I also worry that i won't be able to devote enough time to either of them, but as M is already established in a pattern at nursery, we will keep her there tokeep her routine (perhaps cut her hours a little) so i get quality time wtih my little man.  We will have to find ways of making sure that she doesn't miss out with mummy time.

Millions of people do it all the time, I think 'we' (is us in the IF commmunity) probably analyse these worries even more!!

Good luck with your FET in the summer, and I hope you get your dream. I am sure it will be worth the wait and you will love it all over again!!


----------



## TwiceBlessed (Nov 8, 2006)

tinx I have written a similar "worries" type thread having found myself miraculously pregnant naturally with a daughter of only 1year!

Its feels so daunting but the peeps on here are so wise   and supportive!

I hadnt even thought about the potty training thing while dealing with a newborn!!!  Mind you if I can work, run a house, bring up my one year old and deal with my dp   Im sure I will be fine!!!!

My friend bought K an "im the big sister" tshirt for my birthday and likr you it just melted my heart!!!!


----------



## ~ Chux ~ (Apr 8, 2003)

*Tinx* - IT's much easier to think about the negatives than the positives isn't it - I do it all the time. 

*Sallywags* - That's pretty much what we did - kept to ds1's routine when dd came along, and then kept to their routine when ds2 came along and I do think it's important to as much as you can.
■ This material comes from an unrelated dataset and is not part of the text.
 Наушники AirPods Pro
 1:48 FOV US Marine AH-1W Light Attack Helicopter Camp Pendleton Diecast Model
As to potty training, it can wait! If your LO is ready to potty train then it'll be easy, if it's not easy then it won't hurt to leave it a few months until you are all a bit more 'with it'. Don't let others pressurise you into doing things before you are ready - our LO's will all end up in the same place and it'll be pretty irrelevant how long it took to get there.

Chux xx


----------



## Tinx (Sep 2, 2005)

Hi ladies!!

Wise words Chux, you are so right. I guess I am just a bit of a perfectionist and I worry that a second one will upset the routine, but so what!! It will all be new no matter what anyway so I guess the routine will stay as it is as much as poss and then have a new dimention!! It will all be a great learning curve and adventure. Children are so much more adaptable than adults anyway!! I need to be less of a Monica!!! I am a teacher and have always been very much an organiser! I dont want to say control freak but...!!! I must stop worrying and think of all the wonders of the pregnancy, newborn and  having 2!!!
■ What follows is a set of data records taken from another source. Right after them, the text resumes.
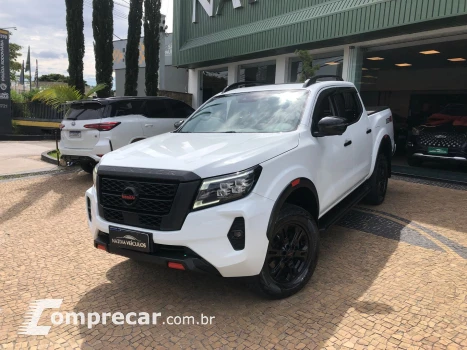 NISSAN Frontier 2.3 16V Turbo Diesel Pro4x Cd 4X4 Automático 4 portas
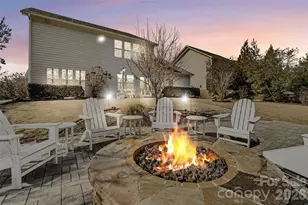 879 Tyne Dr, Fort Mill, SC 29715 - Photo 3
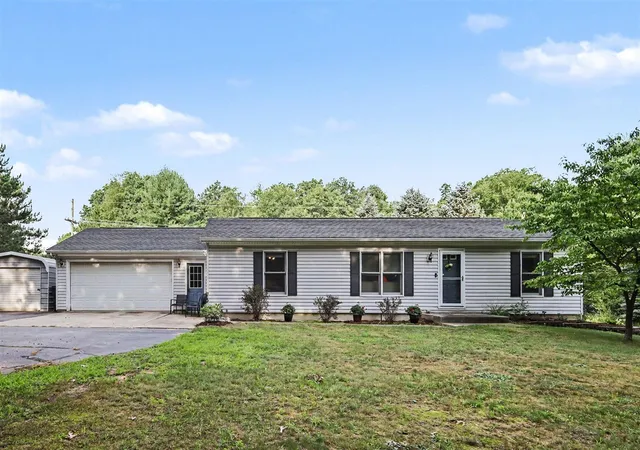 Photo 1 of Single family home for sale at 6525 Mccords Ave, Alto, MI 49302 | MLS# 70551697 | Listing updated on 2026-09-01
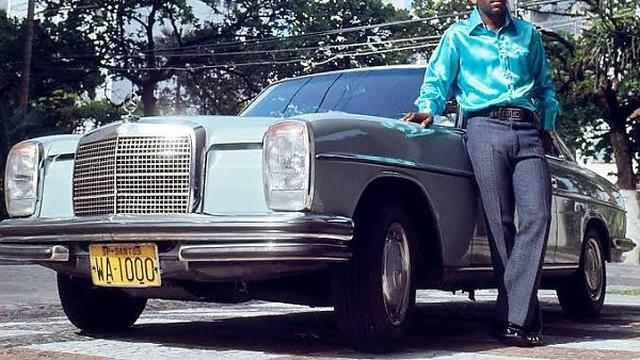 Pele berpose di salah satu mobil Mercedes-Benz  (Autojosh)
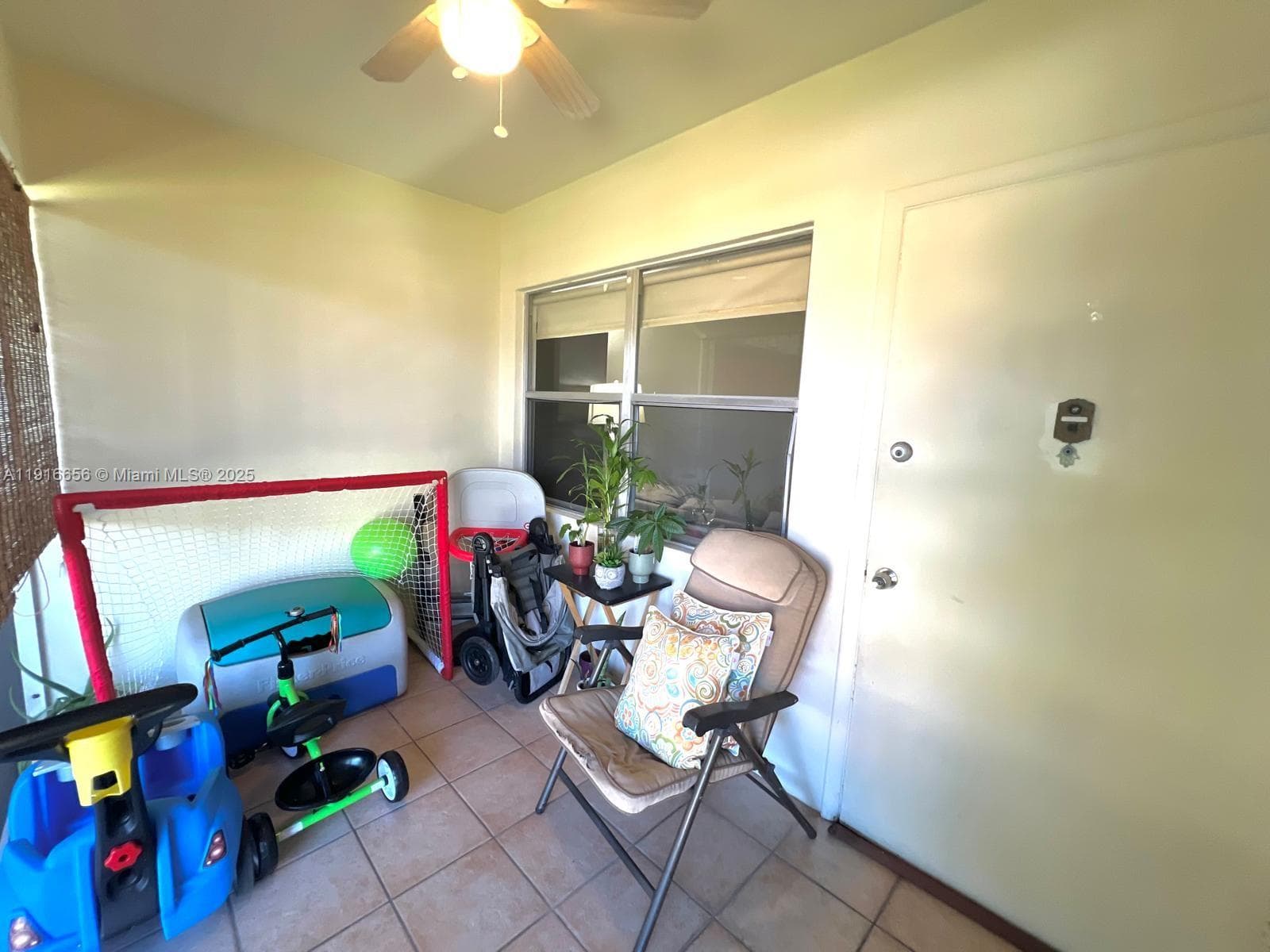PARADISE BY THE SEA CONDO · #208 in Hallandale Beach - Photo 18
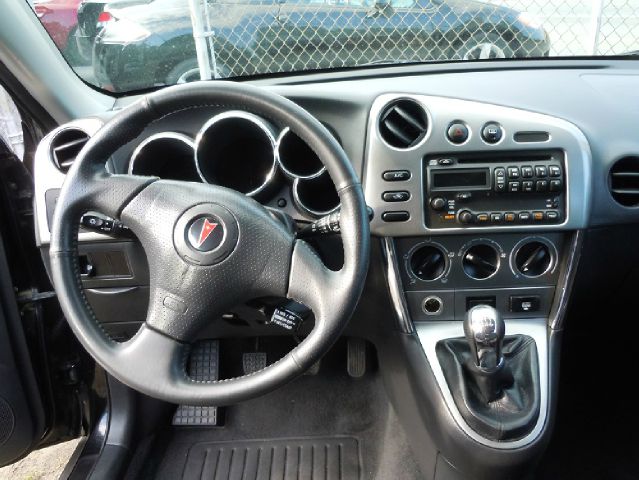 Pontiac Vibe 2003 photo 2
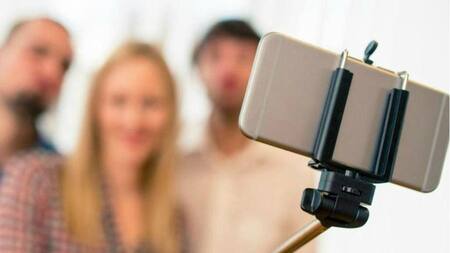 Muere electrocutada por sacarse una selfie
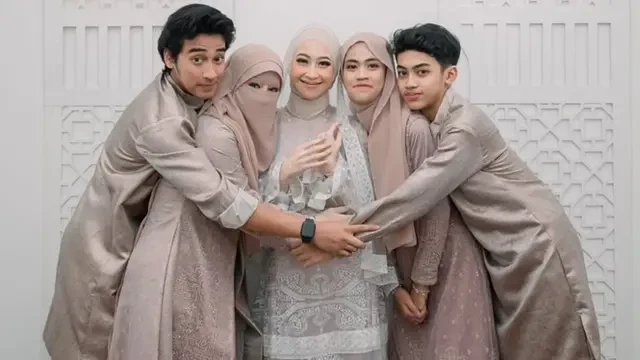 7 Potret Adiba Khanza dengan Ketiga Adiknya, Selalu Kompak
ebw1969 HUGE congrats on getting  preg the natural way!! I guess you dont have to think and plan so much that way. I shall put in my order for it happening that way and see what happens!!! Bet it was such a shock for you!!! Great news!!

Sallywags, love your bump! pregnancy is such a beautiful and miraculous thing. I LOVED being pregnant and enjoyed every second, well, until right at the end and impatience ruled the roost!!! Take care of yourself and cargo!

Lol, Tinx xx


----------